# Information shown

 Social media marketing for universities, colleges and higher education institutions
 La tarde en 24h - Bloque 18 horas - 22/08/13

==

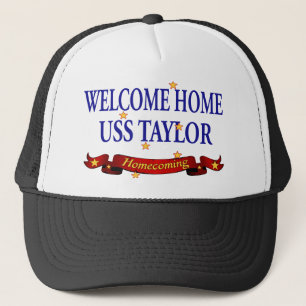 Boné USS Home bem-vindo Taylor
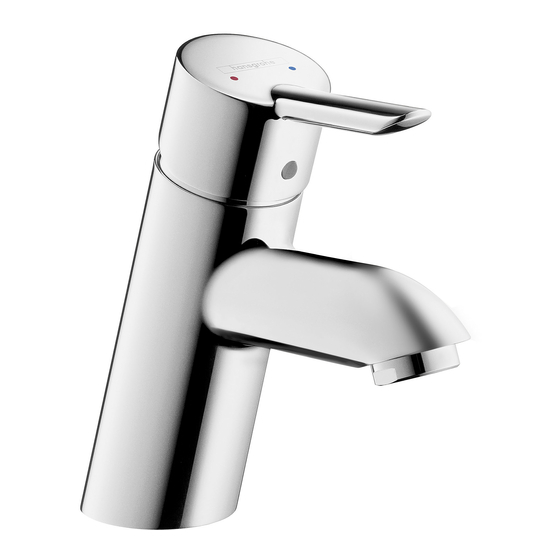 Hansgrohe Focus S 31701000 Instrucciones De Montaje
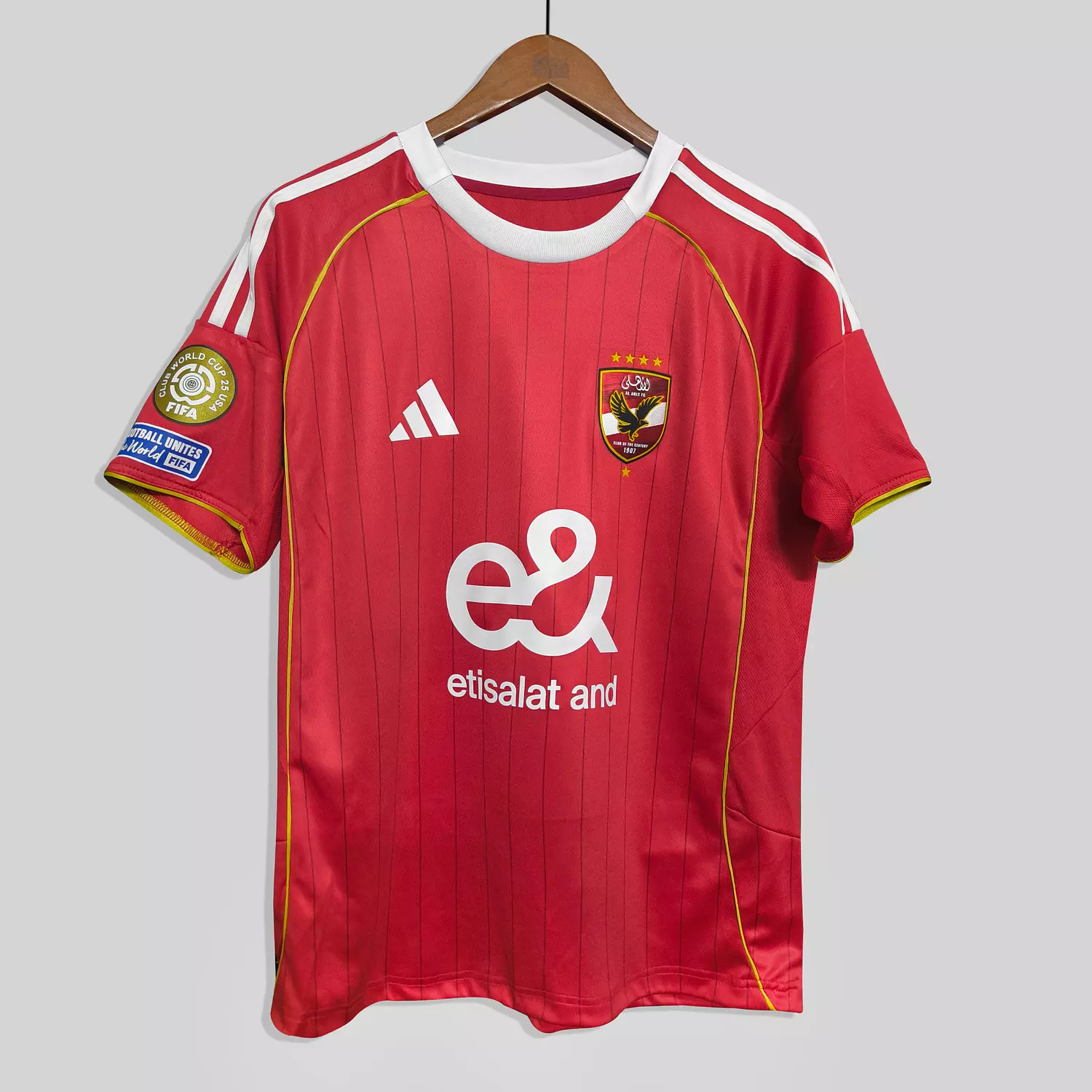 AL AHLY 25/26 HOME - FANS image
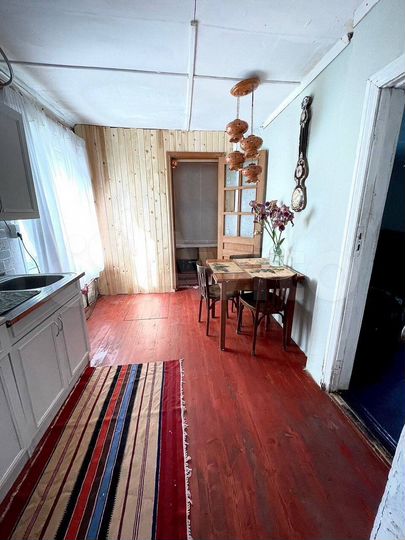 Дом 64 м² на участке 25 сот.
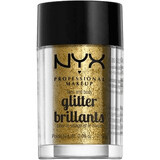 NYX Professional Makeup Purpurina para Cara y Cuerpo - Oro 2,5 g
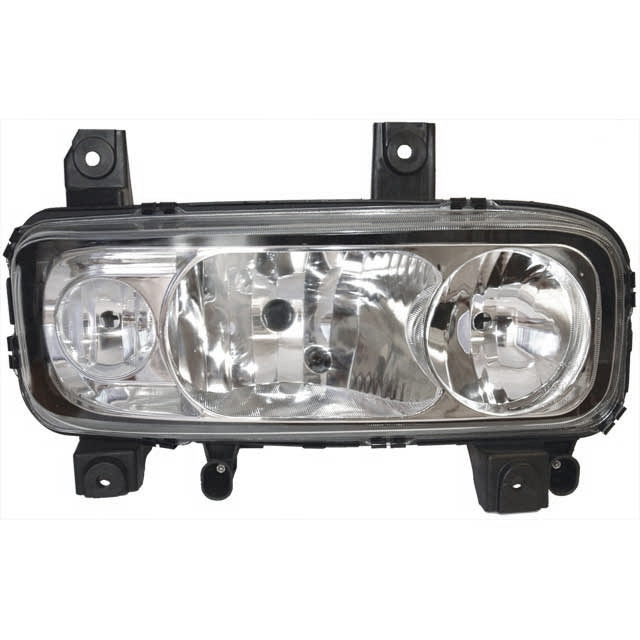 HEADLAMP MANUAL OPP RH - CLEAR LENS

# Activity
Look above for the line with "Дом 64 м² на участке 25 сот." and copy exactly from it through the line with "HEADLAMP MANUAL OPP RH - CLEAR LENS", both included. Omit the pictures.

# Exercise response
 Дом 64 м² на участке 25 сот.
 NYX Professional Makeup Purpurina para Cara y Cuerpo - Oro 2,5 g
 HEADLAMP MANUAL OPP RH - CLEAR LENS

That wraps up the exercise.